The State of Texas offers many protections from wage garnishments for certain types of debts, including credit card debt, breach of contract debts, and tort claims. But before packing up your bags and moving to this great state, it’s important to understand that not all debtors will be protected from Texas wage garnishments. Texas does allow wage garnishment for some debts, specifically, those for child support payments, certain IRS tax debts (which are garnished under federal wage garnishment laws), and student loan debts.
Does this mean all of my income is protected?
So while Texas wage garnishment laws may offer some protection from wage garnishments, this does not mean that the creditor will not be able to get paid. For example, even if your wage cannot be garnished Texas laws do allow creditors to levy money which has been deposited into bank accounts and to garnish income from non-wage sources, such as rent or royalties.

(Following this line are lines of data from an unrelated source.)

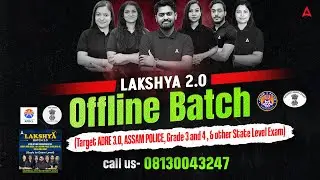 Lakshya 2.0 / ADRE 3.0 / ASSAM POLICE / DME / DHS / & Other State Exam | Offline Batch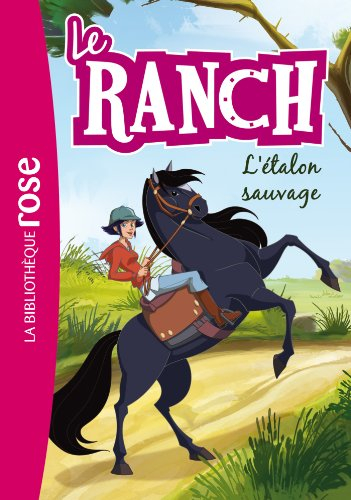 Le ranch. Vol. 1. L'étalon sauvage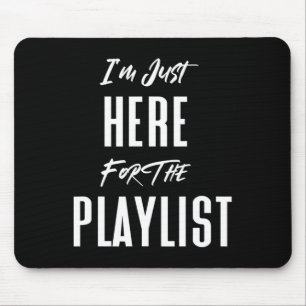 Ich bin nur wegen der Playlist hier Lustiges Worko Mousepad
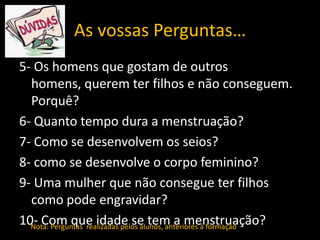 As vossas Perguntas…
5- Os homens que gostam de outros
homens, querem ter filhos e não conseguem.
Porquê?
6- Quanto tempo dura a menstruação?
7- Como se desenvolvem os seios?
8- como se desenvolve o corpo feminino?
9- Uma mulher que não consegue ter filhos
como pode engravidar?
10- Com que idade se tem a menstruação?
Nota: Perguntas realizadas pelos alunos, anteriores á formação

 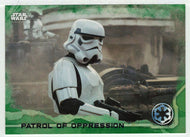 Patrol of Oppression (Trading Card) - Star Wars - A Star Wars Story Series 1 : Rogue One GREEN - 2016 Topps # 56 - Mint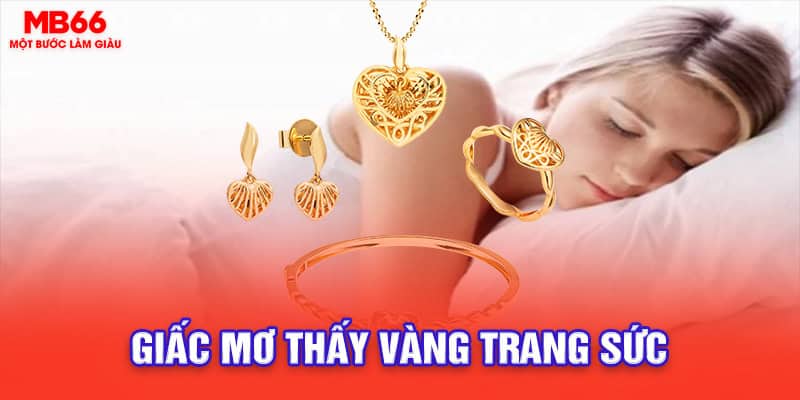 Giấc mơ thấy vàng trang sức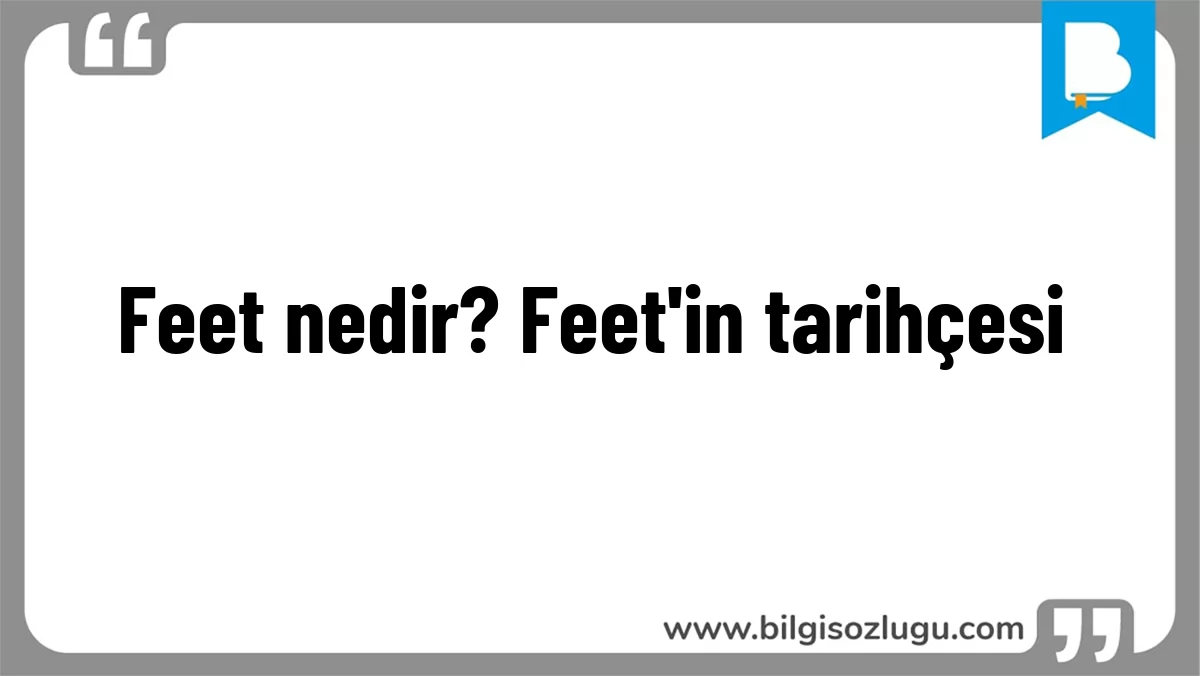 Feet nedir? Feet'in tarihçesi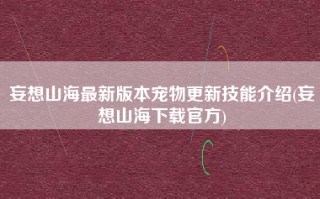 妄想山海最新版本宠物更新技能介绍(妄想山海下载官方)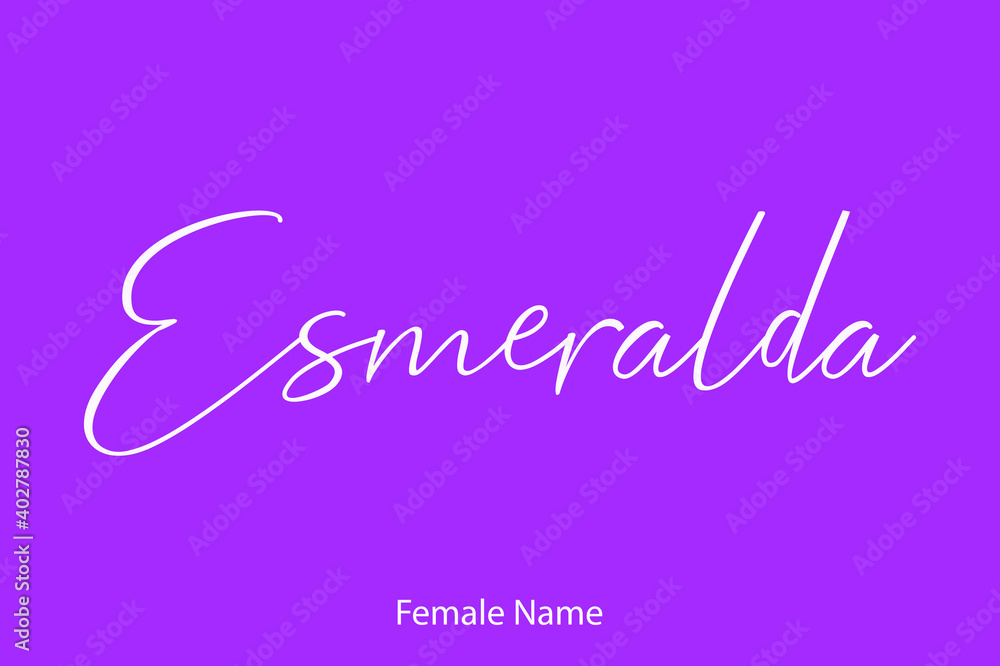 Esmeralda Female Name - in Stylish Lettering Cursive Typography Text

Wages are also just one source of income. As mentioned above, wages are protected against wage garnishments for most debts, but what about other sources of income? Does the sixty-seven year old have to worry that half their Social Security check will be garnished to pay for their debts? Fortunately, Texas and federal laws protect many different income sources from wage garnishments from most creditors.
For example, Social Security payments are protected under federal laws from most garnishments, excluding those for federal taxes, child support, spousal support, and other federal debts. Public assistance payments are also protected from garnishments.
How much money is paid for the Texas wage garnishment?
Assuming the wage garnishment is valid and legal under Texas state laws there is a maximum which can be withheld. In the State of Texas the wage garnishment will be:
- A total of 25% of disposable income, other than for taxes and child support; or
- The amount by which a debtor’s weekly income exceeds 30 times the minimum wage
What about child support or tax garnishments? Unfortunately, repayment for these debts can be as high as sixty-percent of your income.
Stopping a Texas wage garnishment through bankruptcy?
Some Texas wage garnishments may be stopped by filing for bankruptcy protection. Wage garnishments allowed in the state of Texas, however, may be exempt from discharge. For example, if you have a wage garnishment for unpaid child support this type of wage garnishment will not be terminated by filing for bankruptcy protection but must be repaid.
Do I need a lawyer to fight a Texas wage garnishment?
If you have decided not to fight the Texas wage garnishment you will not need to hire a lawyer. A lawyer may be able to help you, however, if you have been threatened with a garnishment from another state. In this case the lawyer can review the information and determine if the garnishment is valid, challenge how the judgment was rendered, or determine whether the statute of limitations to collect the debt has expired.